Streamlining PySpark Migration: Upgrading to Spark 4.0 on AWS EMR Serverless

Upgrading Apache Spark applications can be a daunting task, often involving extensive debugging and testing. However, with the AWS Spark Upgrade Agent, this process becomes significantly more manageable, especially when transitioning from Spark 3.5 to Spark 4.0 on Amazon EMR Serverless.
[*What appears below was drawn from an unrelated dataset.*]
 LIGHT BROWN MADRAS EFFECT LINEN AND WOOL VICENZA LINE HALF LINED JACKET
The AWS Spark Upgrade Agent automates the migration process by validating applications iteratively on a live EMR Serverless application. It diagnoses and resolves failures using Amazon CloudWatch logs, ensuring that the job succeeds. This hands-on guide will walk through a complete migration, highlighting key changes and fixes encountered during the upgrade.

Key Changes Addressed

During the migration, four major breaking changes were identified and resolved:

Removal of legacy configuration keys
Renaming of compression codecs
Stricter validation for character sets
Changes in handling unmappable characters

Prerequisites for Migration

Before starting the upgrade, ensure that the following prerequisites are met:

An AWS account with appropriate IAM permissions
Intermediate knowledge of AWS CLI, CloudFormation, and Python
Installation of Kiro CLI or another MCP-compatible IDE

Setting Up the Environment

The migration process begins with setting up the necessary infrastructure. This includes creating two AWS CloudFormation stacks:

Stack 1: Sets up an AWS IAM role and an Amazon S3 staging bucket.
Stack 2: Deploys the source and target Amazon EMR Serverless applications.
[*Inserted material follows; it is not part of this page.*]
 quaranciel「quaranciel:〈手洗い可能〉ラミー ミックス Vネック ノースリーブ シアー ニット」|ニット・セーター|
After deploying these stacks, the necessary configurations for the AWS CLI profile must be established.

Running the Migration

With the environment set up, the migration can commence. The agent will:

Generate an upgrade plan by analyzing the project structure.
Submit the unmodified application to the target EMR Serverless application.
Diagnose failures and apply fixes iteratively.
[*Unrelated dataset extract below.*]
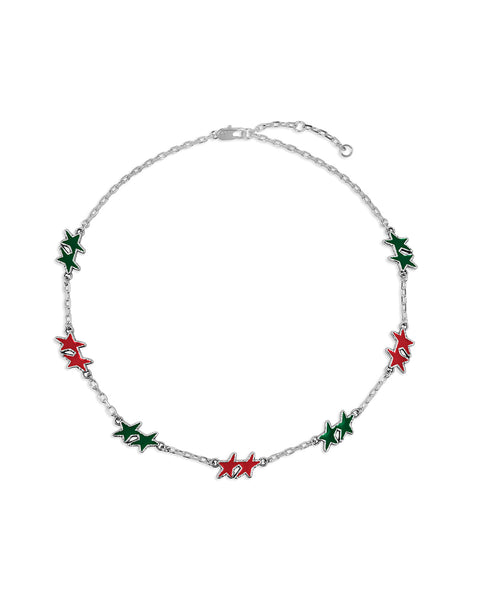 Melted Stars Necklace Red-Green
Each failure encountered reveals the next breaking change, allowing the agent to apply necessary corrections automatically.

Data Quality Validation

After successfully upgrading the application, the agent performs a data quality validation. This step ensures that the output from the upgraded application matches the expected results from the original version. The agent compares outputs across various dimensions, confirming that the migration has not adversely affected data integrity.

Final Summary and Next Steps

Upon completion of the upgrade, the agent generates a comprehensive summary that outlines job configuration updates, code modifications, and data quality validation results. This summary is crucial for understanding the changes made during the migration.

For those looking to start their own PySpark migration, it is recommended to review the Amazon EMR Serverless documentation and the Apache Spark 4.0 migration guide. Additionally, to avoid incurring ongoing costs, users should delete any resources created during the migration process.